Information given Start Marker

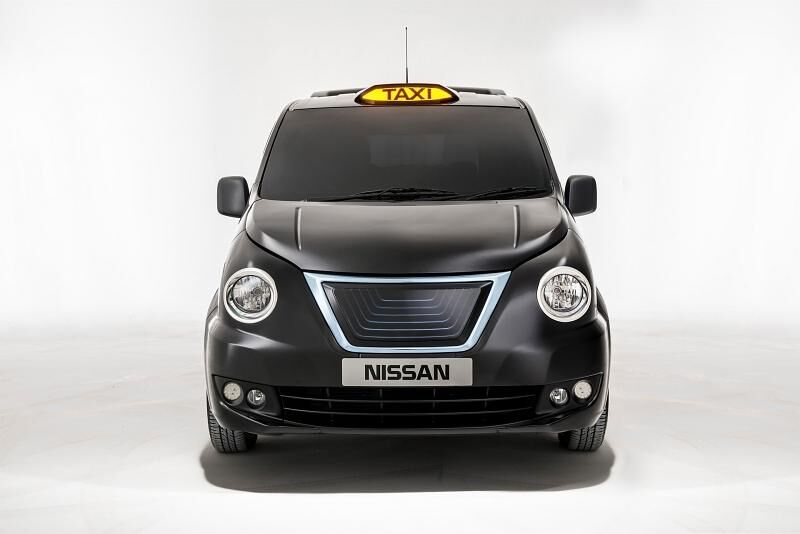 Der Kühlergril des Nissan e-NV200 London Taxi ist geschlossen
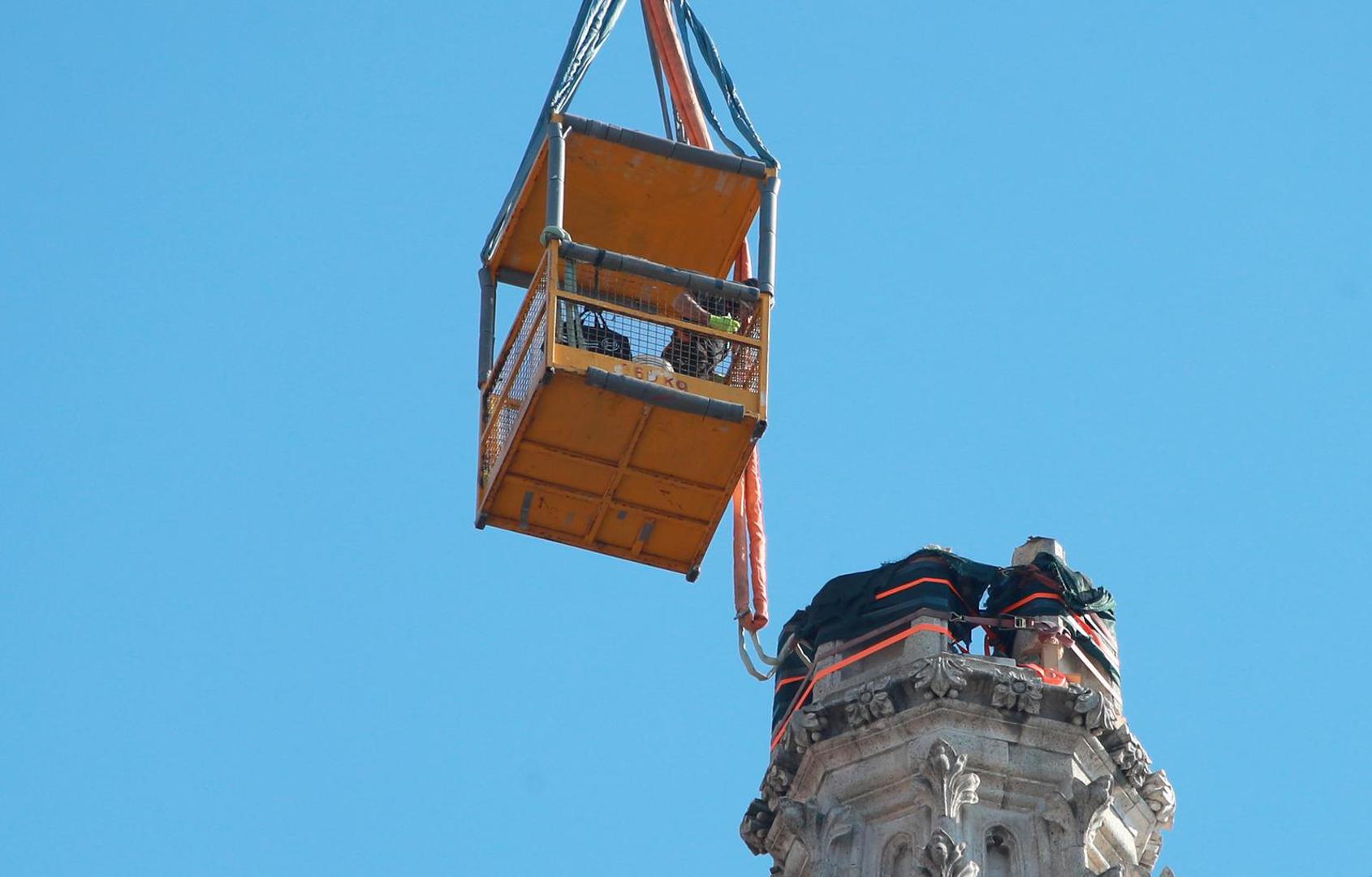 Kako je najavila, u tijeku je evakuacija zbirke Zagrebačke riznice, koja je u procesu restauracije i u sklopu cjelovite obnove katedrale i nadbiskupskog dvora bit će prezentirana i otvorena javnosti kao jedan od najbogatijih hrvatskih sakralnih muzeja.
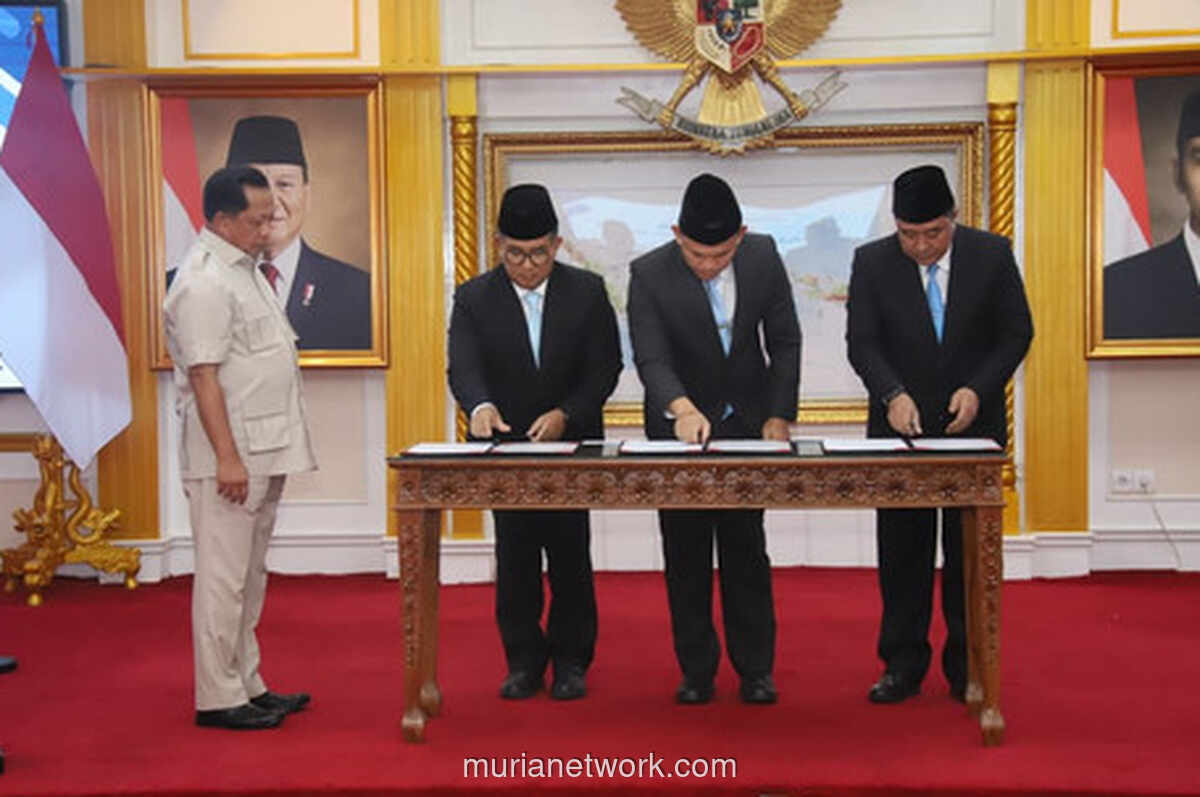 Tito Karnavian Pasang Tiga Pejabat Baru, Tekankan Kecepatan Eksekusi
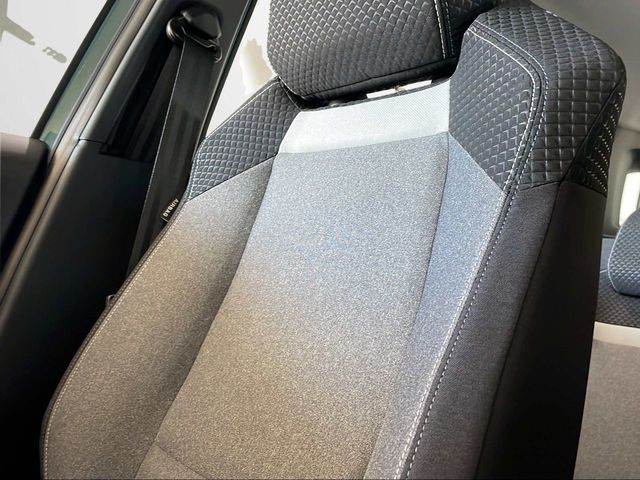 Foto 26 Opel Frontera 1.2T XHT Hybrid Edition eDCT6 107 kW (146 CV)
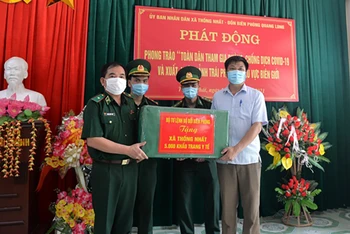 Thiếu tướng Phùng Quốc Tuấn trao khẩu trang y tế tặng UBND xã Thống Nhất.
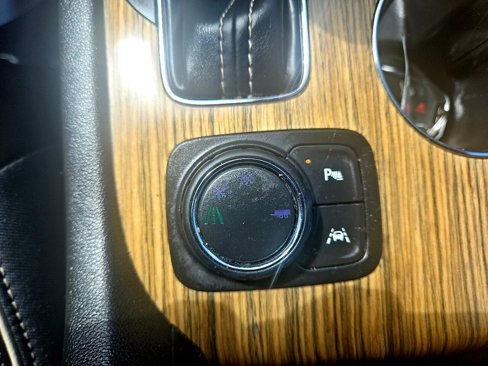 Used 2017 GMC Acadia Denali w/ Technology Package image 35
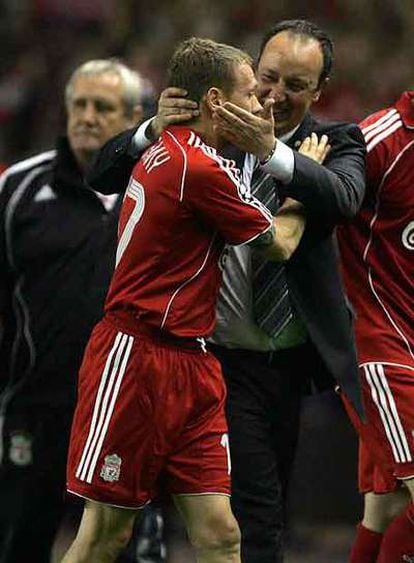 Rafa Benítez felicita a Bellamy tras la eliminación del Chelsea.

Information given End Marker

Try it →
I would like you to retype exactly the lines running from the one containing "Tito Karnavian Pasang" to the last line of the entries, both included, leaving all pictures out.

Exercise response →
 Tito Karnavian Pasang Tiga Pejabat Baru, Tekankan Kecepatan Eksekusi
 Foto 26 Opel Frontera 1.2T XHT Hybrid Edition eDCT6 107 kW (146 CV)
 Thiếu tướng Phùng Quốc Tuấn trao khẩu trang y tế tặng UBND xã Thống Nhất.
 Used 2017 GMC Acadia Denali w/ Technology Package image 35
 Rafa Benítez felicita a Bellamy tras la eliminación del Chelsea.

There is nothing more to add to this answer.